(Written yesterday, October 25)
Tonight, the fireworks start in India, launching the Festival of Lights, Diwali. In fact, it has already started. Here and there, fireworks breaking the peace of sleepy Gokulam.
We are blessed with rains today. In fact, it always seems to rain during Diwali—and thank goodness because it does slow down the compulsive need to be setting off fireworks, and has probably saved a great many people from burning down their own houses or injuring themselves.
Last year, I was here too, same as I am today and yet completely altered, same-same but different.
This year, the holiday resonates with me much more. I feel the high energy of the new moon. It is intense like so many of my experiences of late.

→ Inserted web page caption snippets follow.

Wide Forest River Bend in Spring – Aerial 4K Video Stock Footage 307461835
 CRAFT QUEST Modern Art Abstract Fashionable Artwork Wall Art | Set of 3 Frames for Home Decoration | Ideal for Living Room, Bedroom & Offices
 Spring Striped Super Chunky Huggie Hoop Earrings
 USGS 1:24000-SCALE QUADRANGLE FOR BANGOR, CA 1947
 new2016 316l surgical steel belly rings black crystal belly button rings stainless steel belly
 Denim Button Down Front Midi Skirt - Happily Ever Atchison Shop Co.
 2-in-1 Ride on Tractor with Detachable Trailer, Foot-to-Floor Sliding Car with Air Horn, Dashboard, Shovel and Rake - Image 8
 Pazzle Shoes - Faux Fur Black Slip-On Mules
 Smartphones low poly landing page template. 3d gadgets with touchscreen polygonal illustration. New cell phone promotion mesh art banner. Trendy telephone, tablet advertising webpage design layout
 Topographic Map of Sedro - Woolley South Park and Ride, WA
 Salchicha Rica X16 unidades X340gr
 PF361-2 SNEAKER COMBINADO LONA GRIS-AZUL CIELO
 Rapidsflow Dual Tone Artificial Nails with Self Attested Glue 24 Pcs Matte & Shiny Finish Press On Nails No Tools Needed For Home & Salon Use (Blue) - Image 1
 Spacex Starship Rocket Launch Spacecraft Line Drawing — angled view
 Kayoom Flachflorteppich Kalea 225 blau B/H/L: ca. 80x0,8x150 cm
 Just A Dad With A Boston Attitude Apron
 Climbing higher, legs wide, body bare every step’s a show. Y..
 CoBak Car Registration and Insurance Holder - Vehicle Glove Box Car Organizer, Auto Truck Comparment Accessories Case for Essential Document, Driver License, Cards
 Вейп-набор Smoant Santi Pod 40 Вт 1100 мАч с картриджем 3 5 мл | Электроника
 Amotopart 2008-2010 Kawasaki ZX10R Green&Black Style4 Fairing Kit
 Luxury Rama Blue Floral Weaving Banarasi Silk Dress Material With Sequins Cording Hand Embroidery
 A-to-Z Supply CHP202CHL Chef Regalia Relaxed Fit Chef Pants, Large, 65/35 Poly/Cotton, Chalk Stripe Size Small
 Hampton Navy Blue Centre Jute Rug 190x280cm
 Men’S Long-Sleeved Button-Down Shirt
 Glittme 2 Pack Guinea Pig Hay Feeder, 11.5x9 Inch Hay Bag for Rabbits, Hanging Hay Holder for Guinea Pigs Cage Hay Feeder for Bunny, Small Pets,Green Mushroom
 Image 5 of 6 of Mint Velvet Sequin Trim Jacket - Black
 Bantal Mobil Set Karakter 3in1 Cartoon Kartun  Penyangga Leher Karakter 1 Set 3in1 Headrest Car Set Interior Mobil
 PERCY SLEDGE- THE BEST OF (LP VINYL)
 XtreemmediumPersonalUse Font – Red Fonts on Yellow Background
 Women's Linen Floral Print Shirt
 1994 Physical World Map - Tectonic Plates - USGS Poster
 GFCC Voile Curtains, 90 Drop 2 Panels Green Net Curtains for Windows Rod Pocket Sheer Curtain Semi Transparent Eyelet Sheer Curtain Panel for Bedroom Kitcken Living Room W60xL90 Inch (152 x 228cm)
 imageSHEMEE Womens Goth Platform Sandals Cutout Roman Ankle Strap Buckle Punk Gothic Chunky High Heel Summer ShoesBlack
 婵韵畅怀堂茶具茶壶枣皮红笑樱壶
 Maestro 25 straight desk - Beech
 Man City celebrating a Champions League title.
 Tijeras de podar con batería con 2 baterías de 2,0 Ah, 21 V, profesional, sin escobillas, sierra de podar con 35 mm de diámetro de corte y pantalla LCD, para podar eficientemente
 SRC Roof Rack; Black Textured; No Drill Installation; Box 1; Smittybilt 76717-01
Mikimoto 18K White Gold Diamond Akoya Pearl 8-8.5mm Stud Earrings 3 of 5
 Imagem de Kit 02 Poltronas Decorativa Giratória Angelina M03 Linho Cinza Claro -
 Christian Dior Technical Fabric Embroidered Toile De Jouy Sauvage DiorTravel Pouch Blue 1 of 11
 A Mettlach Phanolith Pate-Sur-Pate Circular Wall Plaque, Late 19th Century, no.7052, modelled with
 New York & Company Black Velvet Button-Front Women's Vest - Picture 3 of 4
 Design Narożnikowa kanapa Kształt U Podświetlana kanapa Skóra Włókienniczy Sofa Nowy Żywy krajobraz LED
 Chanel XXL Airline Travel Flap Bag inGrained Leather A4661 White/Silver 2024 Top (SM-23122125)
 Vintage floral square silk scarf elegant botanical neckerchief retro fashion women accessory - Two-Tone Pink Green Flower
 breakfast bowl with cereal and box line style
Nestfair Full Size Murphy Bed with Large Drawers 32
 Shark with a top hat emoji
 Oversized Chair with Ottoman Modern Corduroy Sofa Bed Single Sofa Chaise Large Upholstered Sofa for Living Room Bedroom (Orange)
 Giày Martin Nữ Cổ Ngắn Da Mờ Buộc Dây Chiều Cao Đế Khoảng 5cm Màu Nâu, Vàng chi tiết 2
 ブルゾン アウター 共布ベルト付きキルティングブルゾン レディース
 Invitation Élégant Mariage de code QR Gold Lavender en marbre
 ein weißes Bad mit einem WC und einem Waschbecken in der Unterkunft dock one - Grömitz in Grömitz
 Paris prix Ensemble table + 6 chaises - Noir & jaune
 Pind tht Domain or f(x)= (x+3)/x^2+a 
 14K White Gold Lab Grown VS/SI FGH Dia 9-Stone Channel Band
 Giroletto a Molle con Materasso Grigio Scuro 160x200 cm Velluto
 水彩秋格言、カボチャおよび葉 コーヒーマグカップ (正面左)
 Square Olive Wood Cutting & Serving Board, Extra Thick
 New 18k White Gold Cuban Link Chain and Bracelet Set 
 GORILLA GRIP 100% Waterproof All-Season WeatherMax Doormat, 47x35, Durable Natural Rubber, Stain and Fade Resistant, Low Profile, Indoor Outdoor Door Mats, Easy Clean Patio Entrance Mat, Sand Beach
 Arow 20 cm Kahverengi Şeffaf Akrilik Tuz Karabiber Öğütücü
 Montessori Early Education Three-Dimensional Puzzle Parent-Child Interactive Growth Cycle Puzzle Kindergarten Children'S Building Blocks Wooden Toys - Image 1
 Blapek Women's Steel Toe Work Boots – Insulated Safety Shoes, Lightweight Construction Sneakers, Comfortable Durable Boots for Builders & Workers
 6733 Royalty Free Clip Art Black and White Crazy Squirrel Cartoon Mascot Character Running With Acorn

I also identify the holiday most with the story of Rama and Sita, which I read a few months back, from the great Indian epic poem the Ramayana, and how the prince and his beloved return to the kingdom of Ayodhya after 14 years of exile, and how lamps were lit to light their way home.
As someone who is far from home and who has a personal storeroom of stories of separation, I feel the significance of the story behind the festivities, a reminder of the light of love that beacons us home after a long exile, after a journey, and a battle. It is about returning to where we belong, taking our rightful place in the natural order of things.
Easier said than done, right?!
Later, I will light a lamp for myself, in hopes that it will guide me to what it is I truly seek, that this little flame will illuminate a world of love, possibility, and fulfillment, and that one day I will be able to not just be in the light of love but myself embody this light completely.